Sistemi che hanno bisogno delle oligarchie per funzionare, ma quest’ultime possono diventare pericolose quando fondano il loro potere sul concedere favori in cambio di protezione, creando corruzione, ingiustizia sociale, illegalità. Tutto questo al fine di difendere un proprio potere, che si autoalimenta, trasformandosi in una riedizione del feudalesimo in chiave elettiva.
La maggior parte dei cittadini resta estranea a questa struttura del potere e anzi si allontana dal clima di prevaricazione, sopraffazione, clientelismo e risponde con disaffezione e distacco nei confronti dei potenti e dei corrotti. Ma così la democrazia stessa si indebolisce per discredito e scarsa credibilità. E diventa a rischio.
Ecco il punto, centrato da Zagrebelsky nella sua «lectio» di straordinaria attualità che ha chiuso il ciclo di nove conferenze sul tema «Costituzione: convergenza di diverse culture»: come reagire e difendersi, difendendo nello stesso tempo l’involucro della democrazia, che comunque resta sempre il migliore sistema di governo? «In realtà questa è la tendenza degenerativa naturale della democrazia alla quale bisogna reagire». Come?
«I cittadini prendano le distanze, anche fisicamente da chi vive la vita pubblica come una serie di favori in base alla fedeltà.
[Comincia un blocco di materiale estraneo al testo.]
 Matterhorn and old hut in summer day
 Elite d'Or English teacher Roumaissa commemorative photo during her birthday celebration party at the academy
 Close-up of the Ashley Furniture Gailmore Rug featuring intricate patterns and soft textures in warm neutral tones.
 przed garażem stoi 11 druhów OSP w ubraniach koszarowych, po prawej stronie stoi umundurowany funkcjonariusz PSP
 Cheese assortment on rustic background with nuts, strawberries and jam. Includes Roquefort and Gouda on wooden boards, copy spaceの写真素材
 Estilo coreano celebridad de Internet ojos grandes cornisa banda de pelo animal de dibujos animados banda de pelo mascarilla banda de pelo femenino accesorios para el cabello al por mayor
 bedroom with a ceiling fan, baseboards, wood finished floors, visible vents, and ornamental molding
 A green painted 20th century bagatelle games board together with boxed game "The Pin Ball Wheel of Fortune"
Non frequentino quella gente che si fa prepotente con i deboli e servile con i forti».
Secondo punto: siccome questi «giri» o cricche vivono dietro le quinte e il loro potere vive nel segreto, «va affermata la libertà dell’informazione con tutti i mezzi perché l’opinione pubblica possa sapere».
Terzo: siccome si tratta di oligarchie che producono illegalità, «la legalità va garantita con il rigore e l’indipendenza della magistratura».
La democrazia costituzionale, quella cioè costruita e sancita dalla Carta costituzionale, vive e si migliora se funzionano le forme di controllo contro le sue degenerazioni. Perché la nostra Costituzione, entrata ormai nel diritto costituzionale internazionale e punto di riferimento per molti Paesi, è nata per essere strumento con il quale si controlla il Governo: il potere politico, cioè, è sottoposto al diritto costituzionale e non viceversa. E questo è l’altro punto approfondito da Zagrebelsky: «È una concezione dei regimi sudamericani e dei regimi presidenziali che i partiti una volta eletti si facciano la loro Costituzione quale strumento per governare. No, la nostra Costituzione che ormai ha una dimensione temporale che va oltre le sue origini, supera la visione partitica e fa parte del costituzionalismo universale e risponde a esigenze durature, non contingenti, e collega le generazioni». Quindi, anche se le sue sorgenti politiche sono esaurite, la Costituzione è viva e vitale e va difesa per evitare che accada quanto affermato, pare, già da Erodoto: nell’evoluzione ciclica dei sistemi politici la durata di una democrazia sarebbe attorno ai 50-60 anni. Primo gennaio 1948: fra pochi giorni la Costituzione italiana “compie” 62 anni, coincidenza che andrebbe smentita con l’impegno dei cittadini veramente democratici.